### [Data for this exercise]

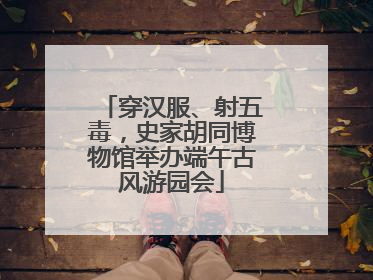 穿汉服、射五毒，史家胡同博物馆举办端午古风游园会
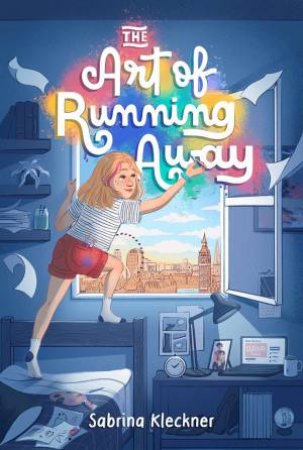 The Art Of Running Away by Sabrina Kleckner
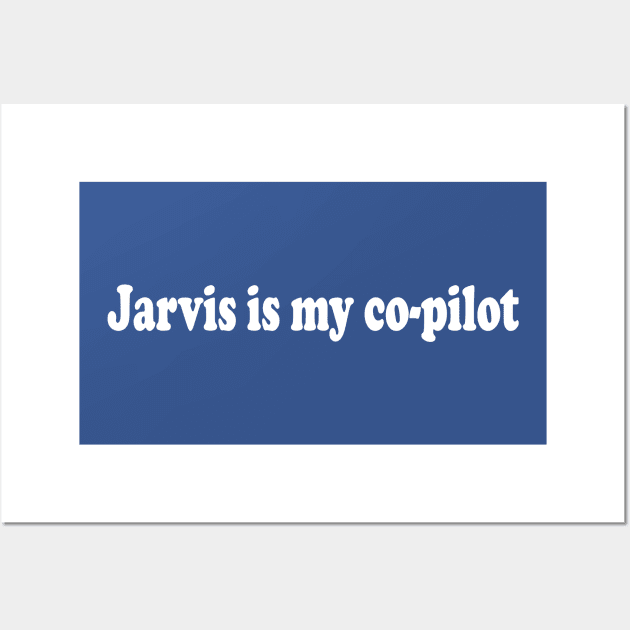 Jarvis is my co-pilot Wall Art by PrinceHans Designs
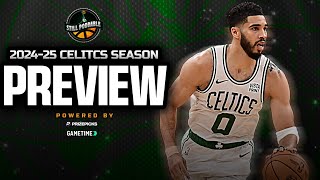 Celtics 2024-25 Season preview | Still Poddable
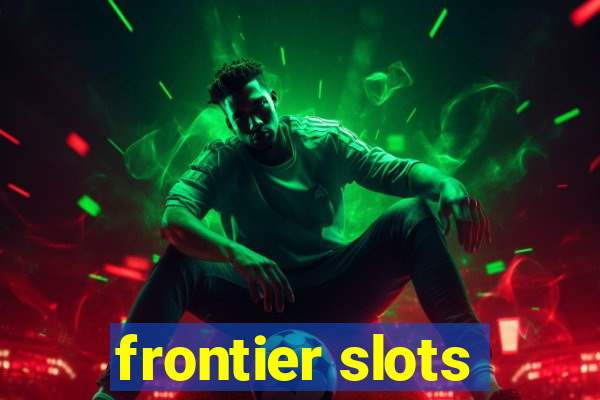 frontier slots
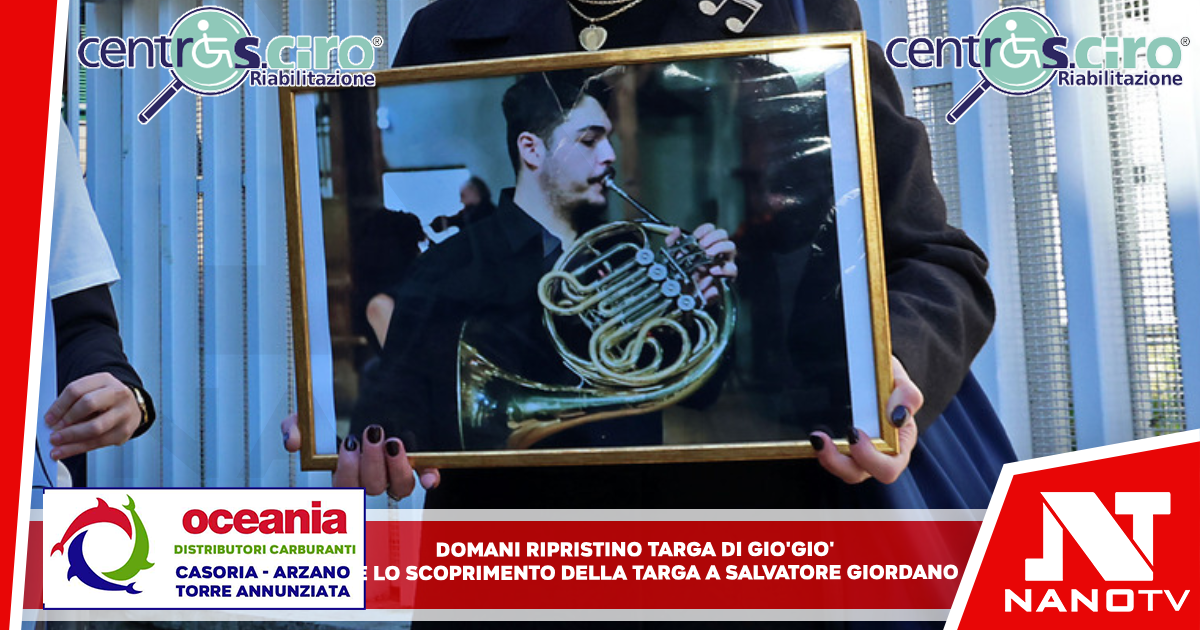 Domani il ripristino della targa di Giogiò e lo scoprimento della targa a Salvatore Giordano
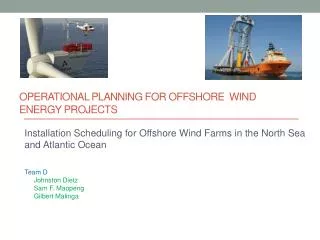 Operational planning for offshore Wind Energy projects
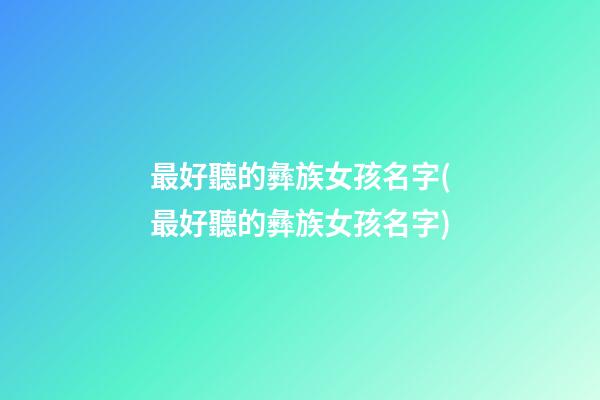 最好聽的彝族女孩名字(最好聽的彝族女孩名字)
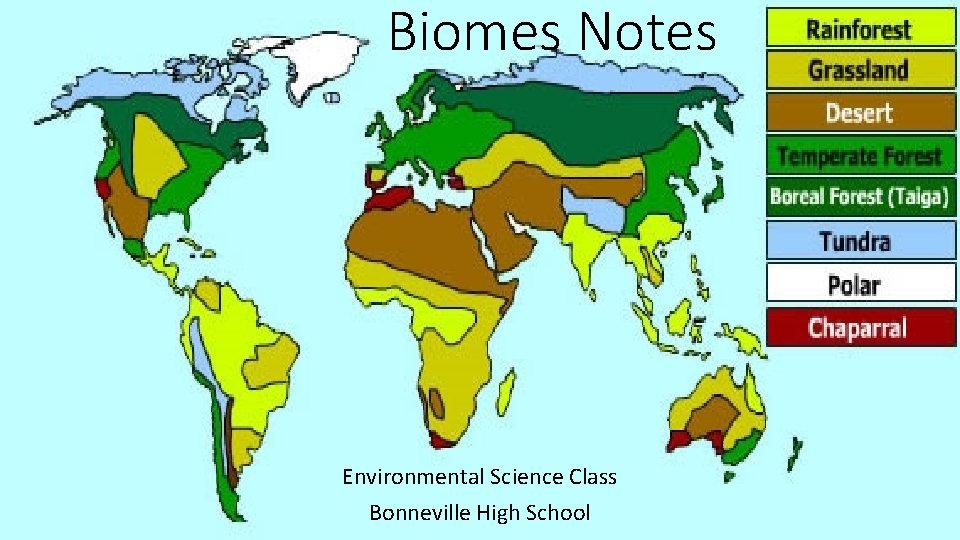 Biomes Notes Environmental Science Class Bonneville High School 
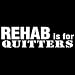 Funny Women's Tank Top : Rehab is for Quitters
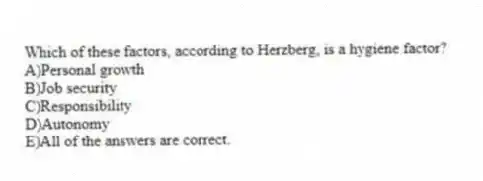 Which of these factors, according to Herzberg, is a hygiene factor?
A)Personal growth
B)Job security
C)Responsibility
D)Autonomy
E)All of the answers are correct.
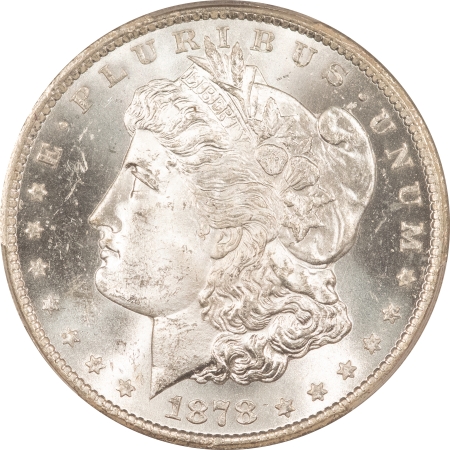 Morgan Dollars 1878-CC $1 MORGAN DOLLAR – PCGS MS-63, BLAZER! CARSON CITY!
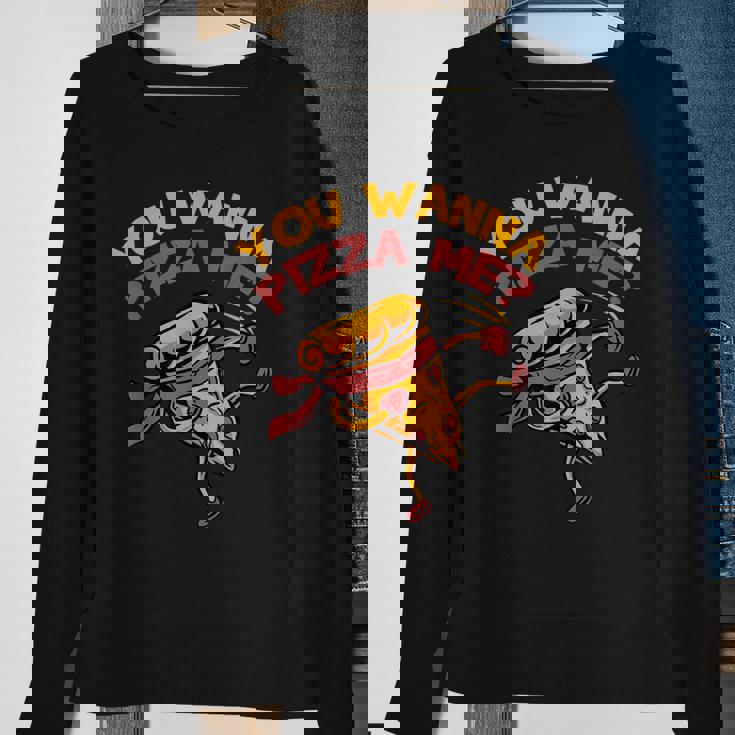 Funny You Wanna Pizza Me Foods Lovers Sweatshirt Gifts for Old Women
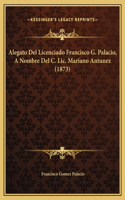 Alegato Del Licenciado Francisco G. Palacio, A Nombre Del C. Lic. Mariano Antunez (1873)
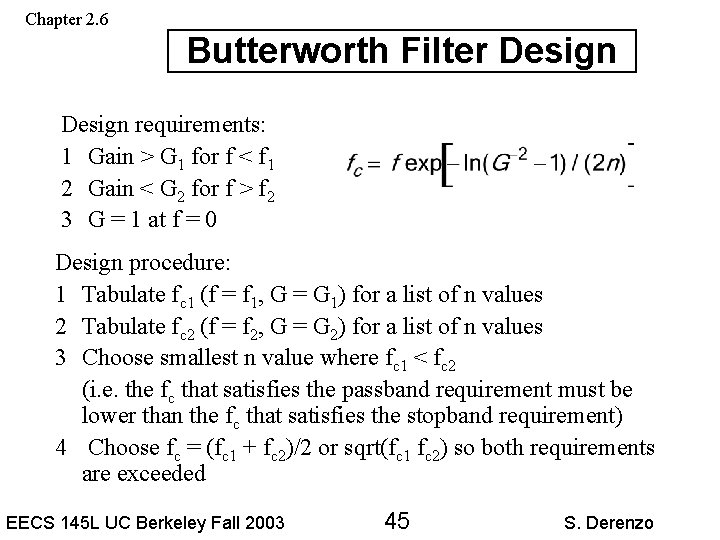 Chapter 2. 6 Butterworth Filter Design requirements: 1 Gain > G 1 for f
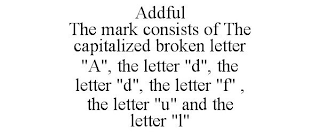 ADDFUL THE MARK CONSISTS OF THE CAPITALIZED BROKEN LETTER "A", THE LETTER "D", THE LETTER "D", THE LETTER "F" , THE LETTER "U" AND THE LETTER "L"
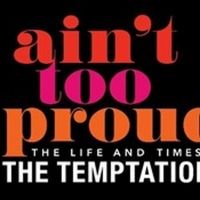 Tickets Now on Sale for AIN'T TOO PROUD at the Broward Center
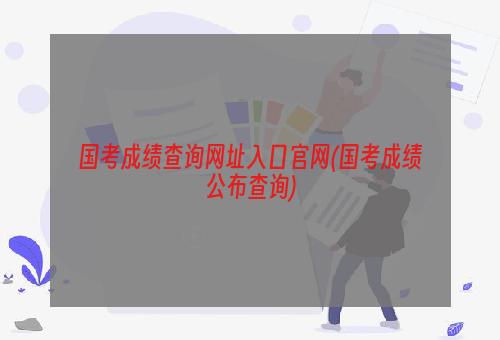 国考成绩查询网址入口官网(国考成绩公布查询)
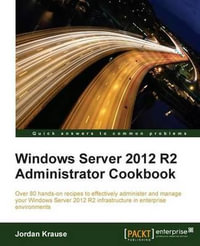 Windows Server 2012 R2 Administrator Cookbook : Over 80 hands-on recipes to effectively administer and manage your Windows Server 2012 R2 infrastructure in enterprise environments - Jordan Krause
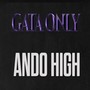 Gata Only Ando High (Explicit)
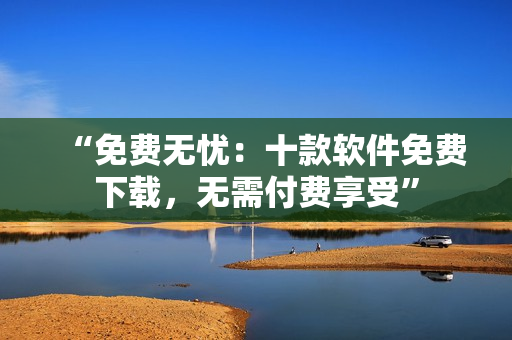 “免費(fèi)無憂：十款軟件免費(fèi)下載，無需付費(fèi)享受”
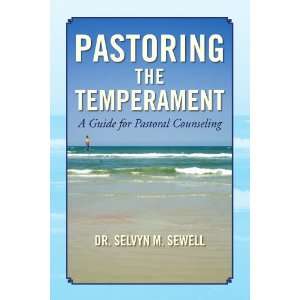  Pastoring The Temperament A Guide for Pastoral Counseling 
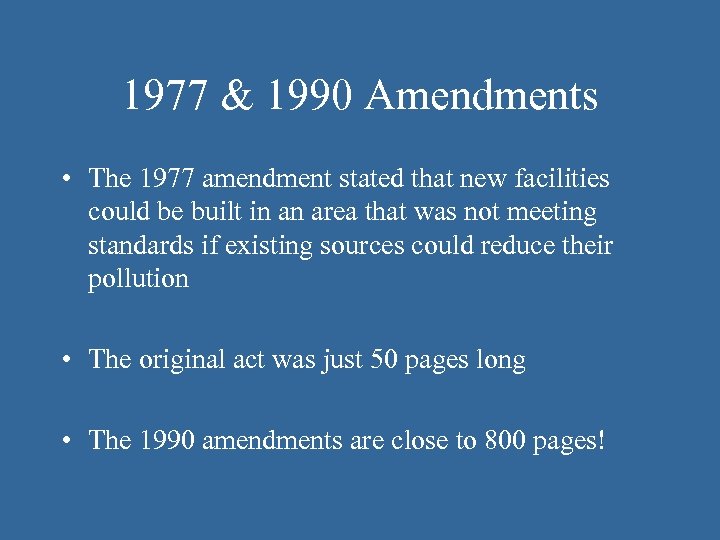 1977 & 1990 Amendments • The 1977 amendment stated that new facilities could be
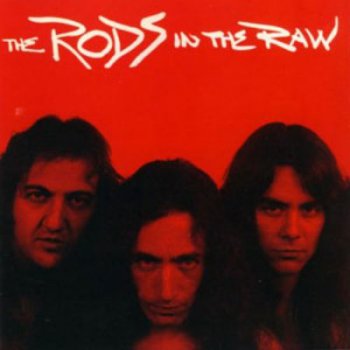 The Rods - In The Raw [Reissue 1998] (1983)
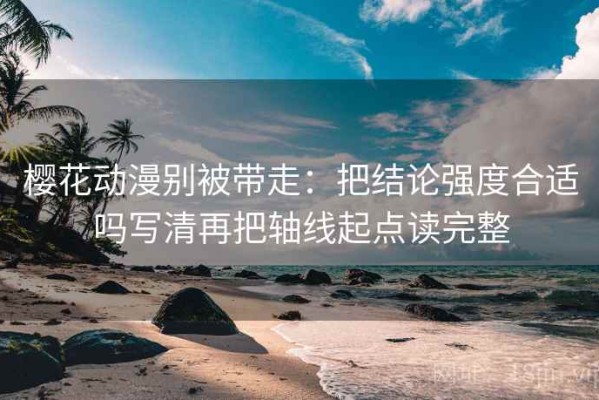 樱花动漫别被带走：把结论强度合适吗写清再把轴线起点读完整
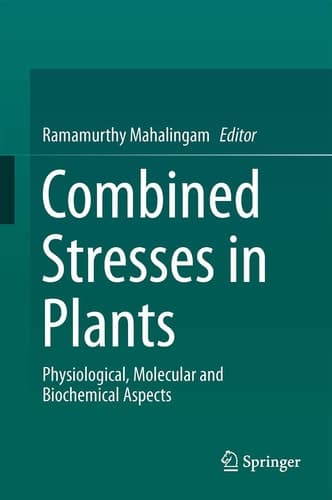 Combined Stresses in Plants Physiological, Molecular, and Biochemical Aspects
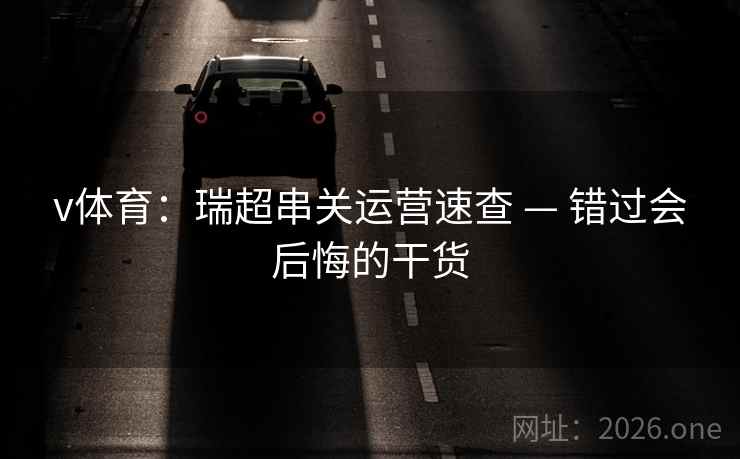 v体育：瑞超串关运营速查 — 错过会后悔的干货  第2张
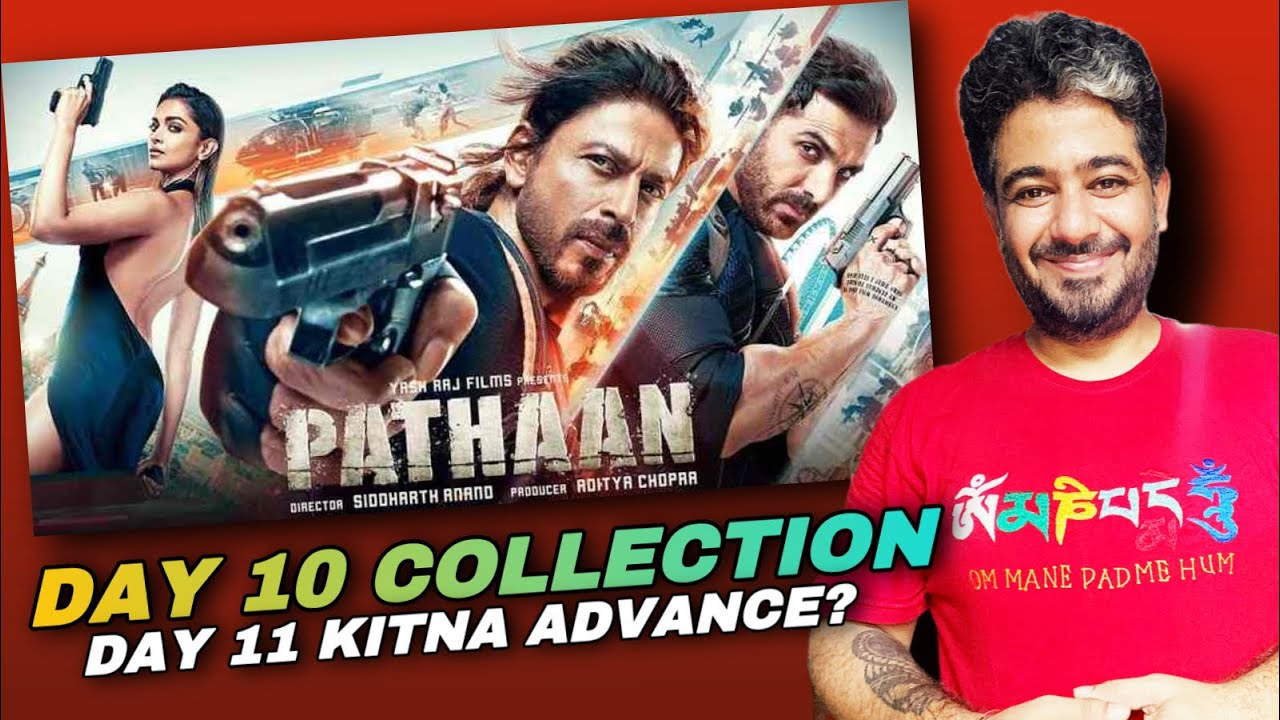 REVISED! Pathaan Day 10 Box office collection worldwide, Pathaan Day 11 Advance booking report
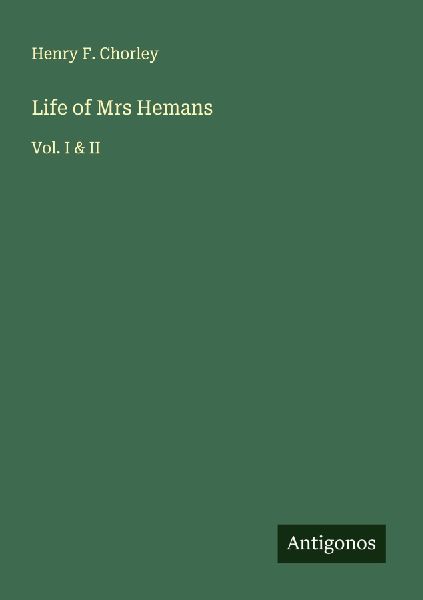 Life of Mrs Hemans: Vol. I & II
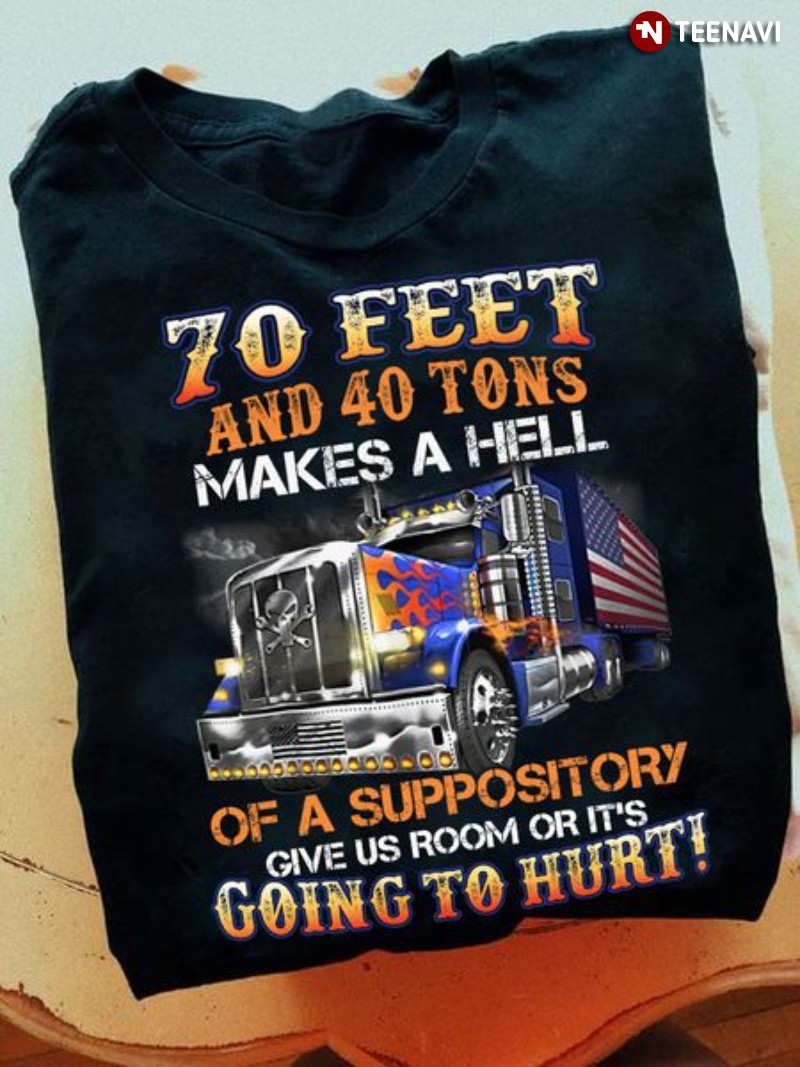 Truck Driver Shirt, 70 Feet And 40 Tons Makes A Hell Of A Suppository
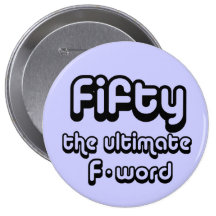 50th birthday gifts - Fifty, the ultimate F-word Pins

### [Exercise description]
Exclude the images and output the lines above exactly.

### [Response below]
 穿汉服、射五毒，史家胡同博物馆举办端午古风游园会
 The Art Of Running Away by Sabrina Kleckner
 Jarvis is my co-pilot Wall Art by PrinceHans Designs
 Celtics 2024-25 Season preview | Still Poddable
 frontier slots
 Domani il ripristino della targa di Giogiò e lo scoprimento della targa a Salvatore Giordano
 Operational planning for offshore Wind Energy projects
 最好聽的彝族女孩名字(最好聽的彝族女孩名字)
 Biomes Notes Environmental Science Class Bonneville High School 
 Funny Women's Tank Top : Rehab is for Quitters
 Which of these factors, according to Herzberg, is a hygiene factor?
A)Personal growth
B)Job security
C)Responsibility
D)Autonomy
E)All of the answers are correct.
 Morgan Dollars 1878-CC $1 MORGAN DOLLAR – PCGS MS-63, BLAZER! CARSON CITY!
 Funny You Wanna Pizza Me Foods Lovers Sweatshirt Gifts for Old Women
 Alegato Del Licenciado Francisco G. Palacio, A Nombre Del C. Lic. Mariano Antunez (1873)
 Chapter 2. 6 Butterworth Filter Design requirements: 1 Gain > G 1 for f
 ADDFUL THE MARK CONSISTS OF THE CAPITALIZED BROKEN LETTER "A", THE LETTER "D", THE LETTER "D", THE LETTER "F" , THE LETTER "U" AND THE LETTER "L"
 Tickets Now on Sale for AIN'T TOO PROUD at the Broward Center
 国考成绩查询网址入口官网(国考成绩公布查询)
 Windows Server 2012 R2 Administrator Cookbook : Over 80 hands-on recipes to effectively administer and manage your Windows Server 2012 R2 infrastructure in enterprise environments - Jordan Krause
 Gata Only Ando High (Explicit)
 “免費(fèi)無憂：十款軟件免費(fèi)下載，無需付費(fèi)享受”
  Pastoring The Temperament A Guide for Pastoral Counseling 
 1977 & 1990 Amendments • The 1977 amendment stated that new facilities could be
 The Rods - In The Raw [Reissue 1998] (1983)
 樱花动漫别被带走：把结论强度合适吗写清再把轴线起点读完整
 Combined Stresses in Plants Physiological, Molecular, and Biochemical Aspects
 v体育：瑞超串关运营速查 — 错过会后悔的干货  第2张
 REVISED! Pathaan Day 10 Box office collection worldwide, Pathaan Day 11 Advance booking report
 Life of Mrs Hemans: Vol. I & II
 Truck Driver Shirt, 70 Feet And 40 Tons Makes A Hell Of A Suppository
 50th birthday gifts - Fifty, the ultimate F-word Pins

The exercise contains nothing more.